Jobs gained, jobs lost HOWARD COUNTY

October 28, 1992

No sooner did word arrive that Coca-Cola was bringing 700 jobs to the state than two Coca-Colas left -- or the equivalent of them, at least.

The recent announcement that Westinghouse Electric Corp. is laying off 12 percent of its 12,000-strong work force in Maryland -- layoff notices are to go out beginning Friday -- sent waves of fear and anxiety reverberating across this region.

The downsizing is primarily expected to affect the company's units in Linthicum, where 9,500 people work, and Hunt Valley (1,800); less so at Annapolis, where 750 work; Sykesville (300) and Columbia (60). "Even though we get Coke in here, we're still losing jobs because of all the downsizing that's going on," said County Executive Charles I. Ecker. Howard is home for many of these Westinghouse employees.

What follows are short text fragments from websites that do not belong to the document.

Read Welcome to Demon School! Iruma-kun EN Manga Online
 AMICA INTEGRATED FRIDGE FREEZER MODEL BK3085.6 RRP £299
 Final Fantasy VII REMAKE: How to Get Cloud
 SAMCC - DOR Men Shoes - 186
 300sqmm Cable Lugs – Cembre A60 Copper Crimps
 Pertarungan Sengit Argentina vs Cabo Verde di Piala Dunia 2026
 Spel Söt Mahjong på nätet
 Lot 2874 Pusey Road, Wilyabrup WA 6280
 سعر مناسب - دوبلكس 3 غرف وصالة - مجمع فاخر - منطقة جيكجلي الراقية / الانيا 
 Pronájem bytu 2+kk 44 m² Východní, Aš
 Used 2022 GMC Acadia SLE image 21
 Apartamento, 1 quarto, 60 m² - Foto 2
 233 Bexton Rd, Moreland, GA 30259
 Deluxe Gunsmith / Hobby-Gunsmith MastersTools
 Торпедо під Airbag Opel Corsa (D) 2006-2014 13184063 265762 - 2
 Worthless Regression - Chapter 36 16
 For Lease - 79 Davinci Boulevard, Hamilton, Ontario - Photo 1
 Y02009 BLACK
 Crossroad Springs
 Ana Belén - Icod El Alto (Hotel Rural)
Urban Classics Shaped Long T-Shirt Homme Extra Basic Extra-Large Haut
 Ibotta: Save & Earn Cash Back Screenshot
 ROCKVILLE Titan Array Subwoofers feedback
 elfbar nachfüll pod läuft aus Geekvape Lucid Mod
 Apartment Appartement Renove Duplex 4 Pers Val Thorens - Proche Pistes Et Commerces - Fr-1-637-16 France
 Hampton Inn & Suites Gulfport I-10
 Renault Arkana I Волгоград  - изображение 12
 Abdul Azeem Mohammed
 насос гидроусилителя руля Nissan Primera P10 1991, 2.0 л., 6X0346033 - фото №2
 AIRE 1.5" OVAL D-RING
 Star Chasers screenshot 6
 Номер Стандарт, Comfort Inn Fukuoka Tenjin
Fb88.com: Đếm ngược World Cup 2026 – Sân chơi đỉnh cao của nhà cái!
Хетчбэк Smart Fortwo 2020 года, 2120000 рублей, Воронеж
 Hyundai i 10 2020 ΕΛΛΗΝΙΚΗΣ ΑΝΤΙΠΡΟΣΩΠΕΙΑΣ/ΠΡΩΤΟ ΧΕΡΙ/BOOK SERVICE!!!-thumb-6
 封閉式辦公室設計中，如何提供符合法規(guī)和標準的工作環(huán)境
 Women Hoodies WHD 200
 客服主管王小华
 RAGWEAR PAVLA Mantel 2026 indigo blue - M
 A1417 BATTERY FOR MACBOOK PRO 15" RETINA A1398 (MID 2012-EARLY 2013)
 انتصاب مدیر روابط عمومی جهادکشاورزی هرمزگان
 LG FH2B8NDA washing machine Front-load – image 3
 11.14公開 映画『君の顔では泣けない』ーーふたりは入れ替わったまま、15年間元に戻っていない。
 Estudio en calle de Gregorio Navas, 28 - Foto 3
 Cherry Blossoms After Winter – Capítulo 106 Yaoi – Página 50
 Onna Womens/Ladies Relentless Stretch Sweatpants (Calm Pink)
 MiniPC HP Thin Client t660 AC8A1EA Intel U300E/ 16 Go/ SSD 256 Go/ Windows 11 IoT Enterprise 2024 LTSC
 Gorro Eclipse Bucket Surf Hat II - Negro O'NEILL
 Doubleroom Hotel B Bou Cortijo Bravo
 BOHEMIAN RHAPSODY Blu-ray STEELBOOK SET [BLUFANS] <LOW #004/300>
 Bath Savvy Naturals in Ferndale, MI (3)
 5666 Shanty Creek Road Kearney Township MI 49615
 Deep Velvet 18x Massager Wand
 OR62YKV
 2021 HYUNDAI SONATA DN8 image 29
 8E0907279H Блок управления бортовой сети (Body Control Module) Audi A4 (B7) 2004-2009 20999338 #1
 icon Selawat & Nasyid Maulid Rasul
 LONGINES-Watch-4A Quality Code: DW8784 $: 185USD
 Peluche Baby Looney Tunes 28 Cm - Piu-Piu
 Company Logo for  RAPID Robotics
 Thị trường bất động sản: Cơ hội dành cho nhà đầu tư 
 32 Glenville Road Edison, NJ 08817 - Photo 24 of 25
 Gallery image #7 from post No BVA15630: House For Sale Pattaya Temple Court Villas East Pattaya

You didn't even have to work at the company, the state's largest manufacturing employer, to shiver from the chill. The multiplier effect of the Westinghouse layoffs could take down twice that many jobs in businesses that serve the company or its employees.

Since the late 1980s, the company has been working to remake itself from primarily a Department of Defense supplier to a 50-50 split between government and commercial work by 1995. Unfortunately, the recession has been a drag on the new commercial side of the business while losses in defense work attacked its traditional mission.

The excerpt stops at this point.